Qu'est-ce qu'un conservatisme qui ne préserve rien que sa force de transformation et de destruction ?
Qu'est-ce qu'un conservatisme qui n'est au service que des riches et des puissants, imposant aux faibles de s'adapter (sous peine de tout perdre) aux règles de plus en plus mouvantes d'un système économique de plus en plus opaque? Qu'est-ce qu'un conservatisme qui, à l'image du struggle for life revisité par Laurence Parisot («La vie, la santé, l'amour sont précaires, pourquoi le travail échapperait-il à cette loi?»), ne connaît comme loi que la précarité, comme vérité que l'instabilité?

De fait, si l'on veut être cohérent, le «parti du gaz de schiste, des OGM et des biotechs» ne peut qu'être celui de la PMA, de la GPA et, à terme, du posthumanisme, car quand l'homme s'arroge le droit de manipuler et de breveter le vivant, on ne voit pas bien quelles limites il pourrait s'imposer. Si seule compte la volonté humaine, alors «tout est possible», quelles qu'en soient les conséquences sur notre environnement et notre propre existence. De la théorie queer à la transgenèse se manifeste un même refus de la naturalité, et un désir de transformer, de dépasser par des artefacts techniques ce que la nature nous a donné. Et à chaque fois, c'est le principe d'innovation qui l'emporte sur le principe de précaution, apanage des conservateurs qu'on rebaptise bientôt réactionnaires.
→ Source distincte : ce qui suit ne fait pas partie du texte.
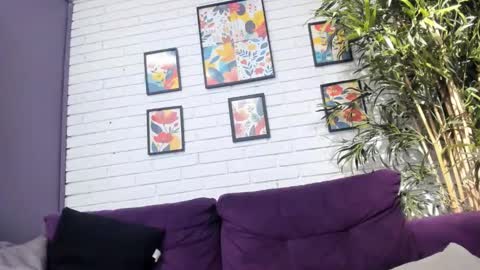 Snapshot of dulce_nikita chatting on September 15, 12:06 pm dulce_nikita online show from September 15, 12:06 pm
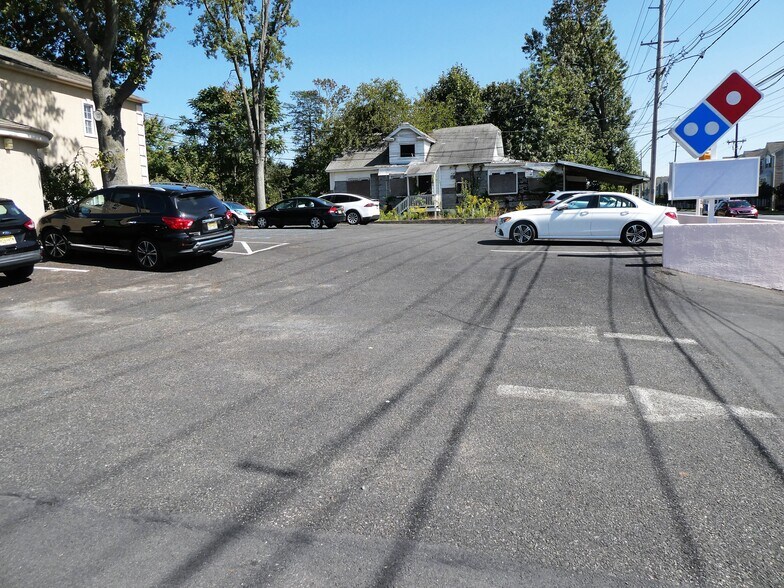 335 Evesham Ave, Lawnside, NJ for lease - Building Photo - Image 3 of 13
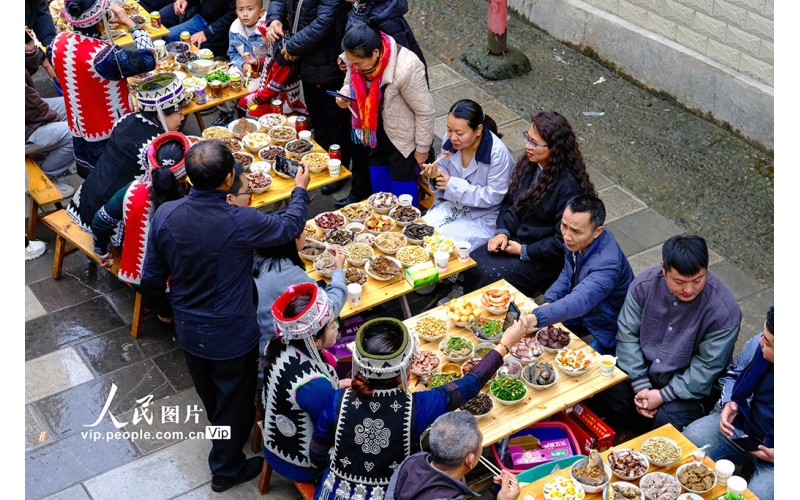 图片 云南元阳哈尼长街宴热闹非凡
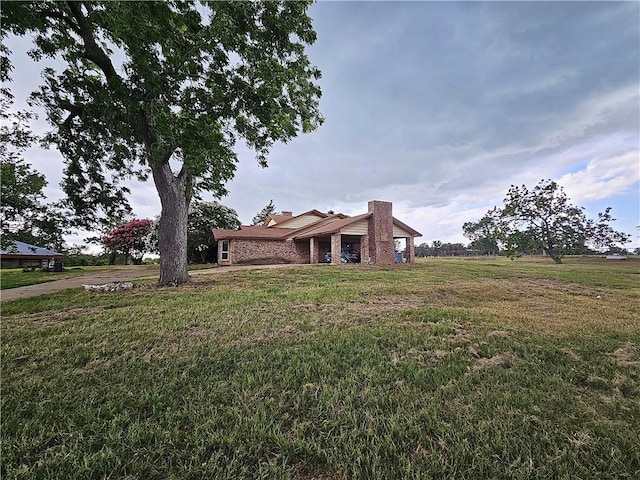 view of front facade featuring a front yard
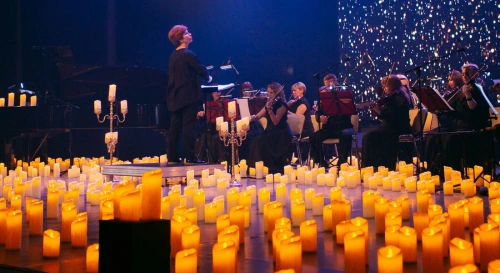 Постер Ханс Циммер: саундтреки в сиянии тысячи свечей 2.0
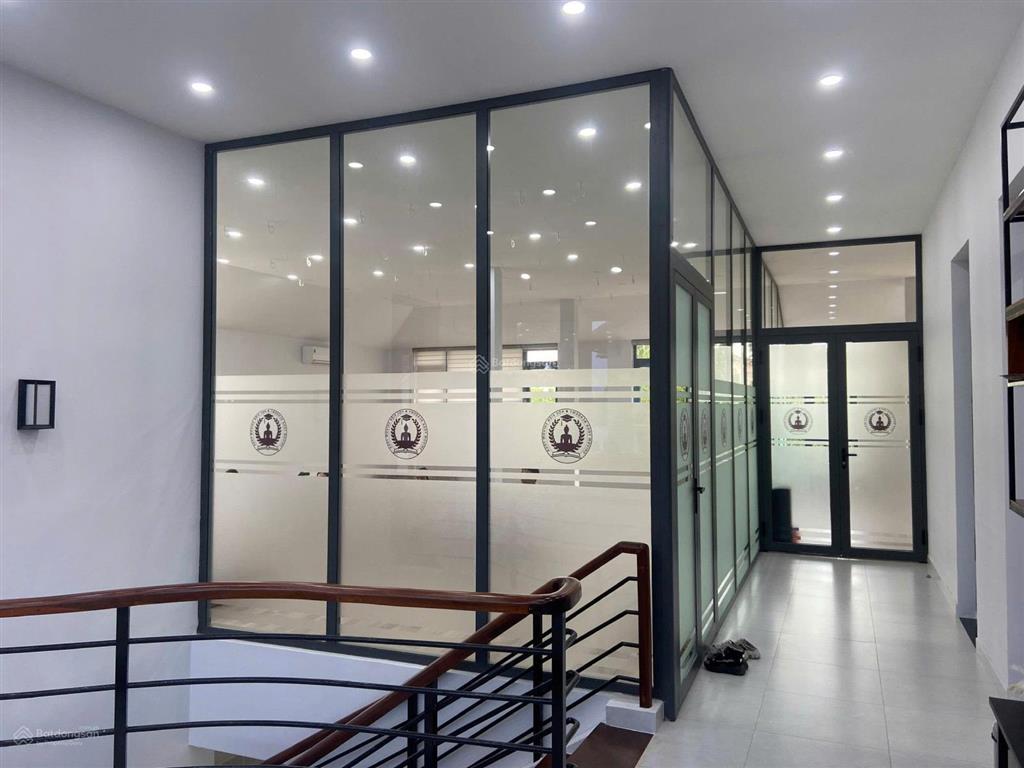 Bán tòa nhà 2 hầm 10 tầng đường út tịch q.tân bình khu sân baydt 13x20m, hđt 400tr/th giá 135tỷ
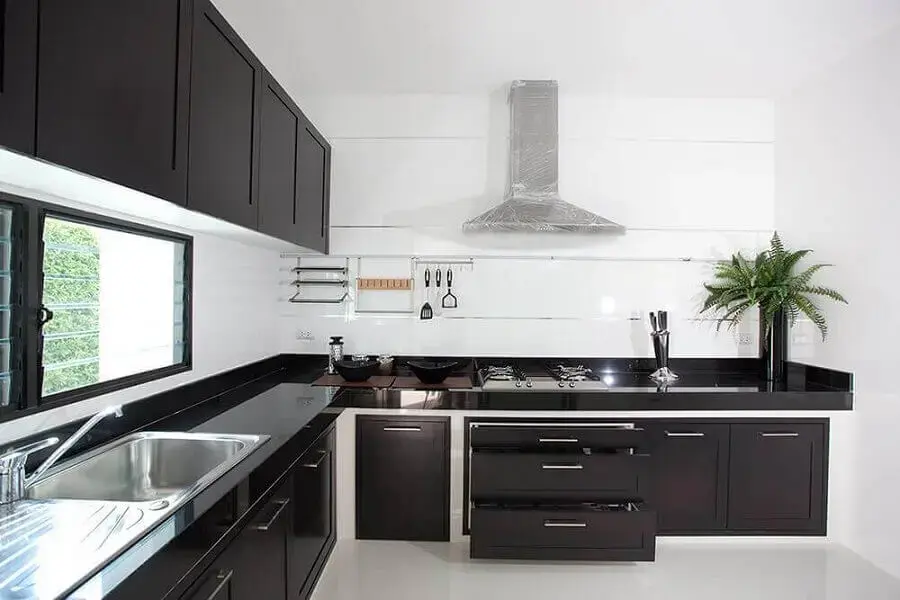 cozinha preta e branca simples com armários planejados Foto EFL Furniture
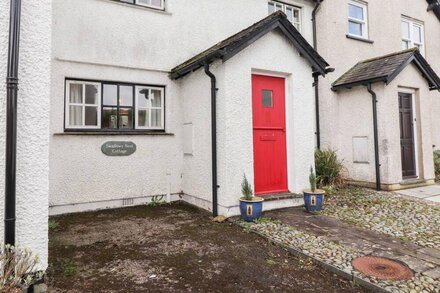 SWALLOWS NEST COTTAGE, pet friendly, with a garden in Hawkshead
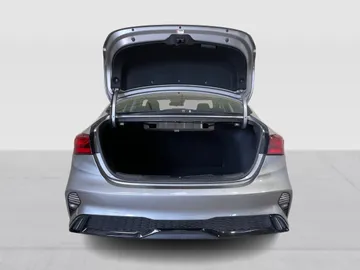 2023 Kia Forte - image 13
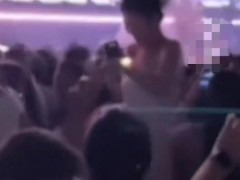 演唱会求婚当事人称已报警 引起网友热议！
D'ailleurs, après Darcos et avant Peillon, c'est bien au Luc Chatel, ministre de l'Éducation nationale de Sarkozy, que le rapporteur public du Conseil d'État avait reproché un manque de discernement et de prudence dans le soutien appuyé au militantisme douteux de la Ligne Azur. Rappelez-vous: ce site qui pour une cause tout à fait légitime (la lutte contre l'homophobie) utilisait dans un cadre scolaire des moyens plus que contestables, notamment la diffusion de la brochure intitulée «Tomber la culotte» qui détaillait dans un style adolescent toutes sortes de pratiques sexuelles, allant du polyamour au BDSM. De fait, en 2014, le rapporteur public estimait que certains éléments diffusés par ce site contrevenaient aux «principes de neutralité de l'école et de liberté de conscience».

    Loin de ces caricatures qui voudraient que la gauche fût progressiste et la droite conservatrice, il nous faut prendre conscience que libéralisme économique, moral et politique vont de pair, et que le clivage décisif ne se joue plus aujourd'hui entre gauche et droite (qui communient dans la même idéologie progressiste), mais entre la fuite en avant technologique de ceux qui se croient tout permis et la conversion écologique de ceux qui réfutent le fantasme de la toute-puissance.

Loin de ces caricatures qui voudraient que la gauche fût progressiste et la droite conservatrice, il nous faut prendre conscience que libéralisme économique, moral et politique vont de pair, et que le clivage décisif ne se joue plus aujourd'hui entre gauche et droite (qui communient dans la même idéologie progressiste), mais entre la fuite en avant technologique de ceux qui se croient tout permis et la conversion écologique de ceux qui réfutent le fantasme de la toute-puissance. Car le Progrès dont on nous rebat les oreilles n'est que celui de la technique et du marché, étendant leur emprise sur nos vies. A cet égard, la conservation de nos écosystèmes n'est pas une lubie partisane, mais la condition même de notre survie. Car si l'écologie est une «science des conditions d'existence», ce n'est pas par amour de ce qui fut, mais par amour de ce qui demeure, amour de cette puissance de la vie irréductible aux machines et aux algorithmes.